**Extracted records**
[Start of section]
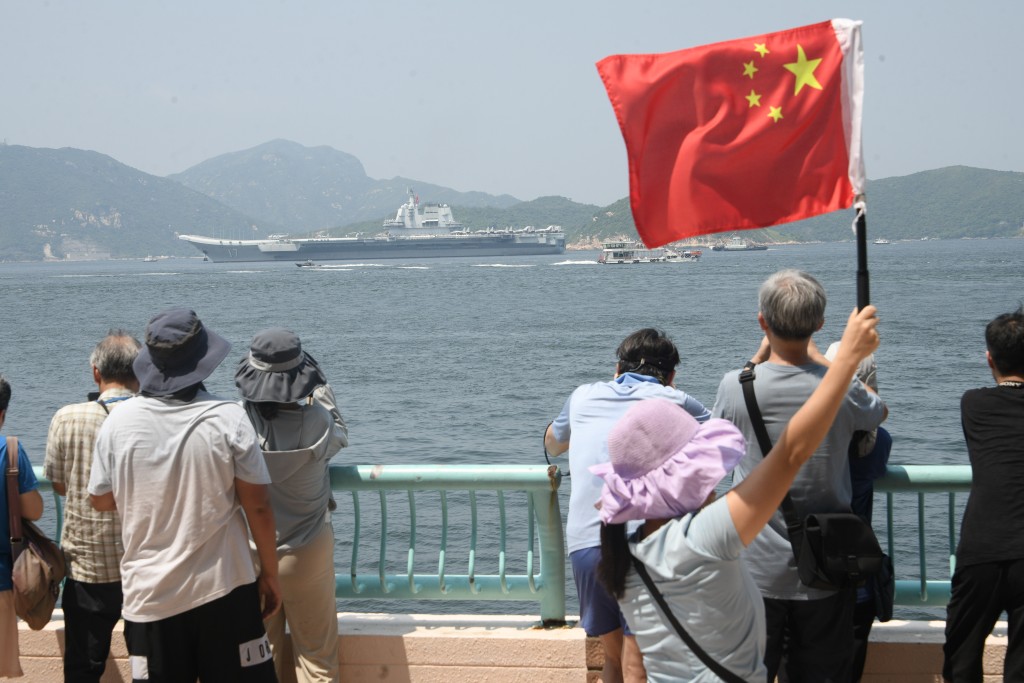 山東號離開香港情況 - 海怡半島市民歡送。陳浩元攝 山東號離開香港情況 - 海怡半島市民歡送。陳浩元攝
[End of section]
[Start of section]
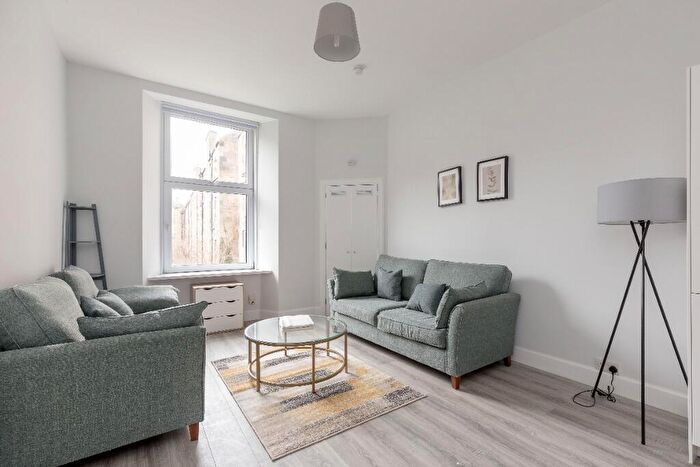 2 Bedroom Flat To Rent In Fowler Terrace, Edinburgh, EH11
[End of section]
[Start of section]
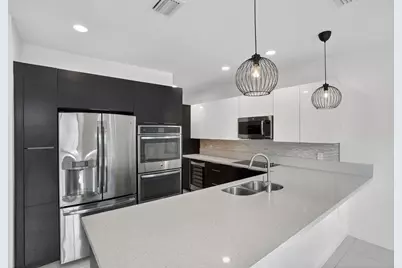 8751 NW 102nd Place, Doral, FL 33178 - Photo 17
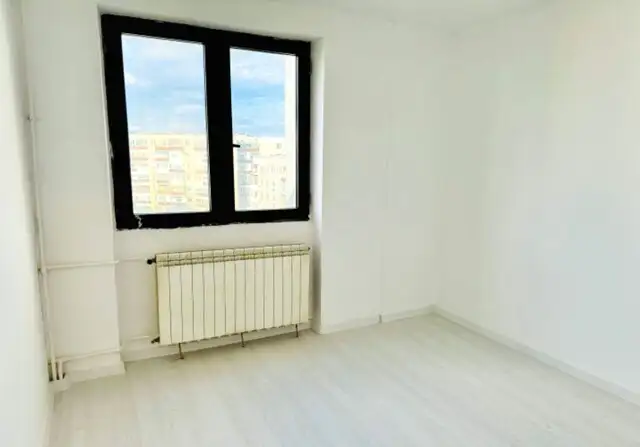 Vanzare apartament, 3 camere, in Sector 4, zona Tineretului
[End of section]
**Task instructions**
Pictures excluded, give again exactly and only the lines of the material above from the line with "8751 NW 102nd" through the line with "Vanzare apartament, 3".

**Answer box**
 8751 NW 102nd Place, Doral, FL 33178 - Photo 17
 Vanzare apartament, 3 camere, in Sector 4, zona Tineretului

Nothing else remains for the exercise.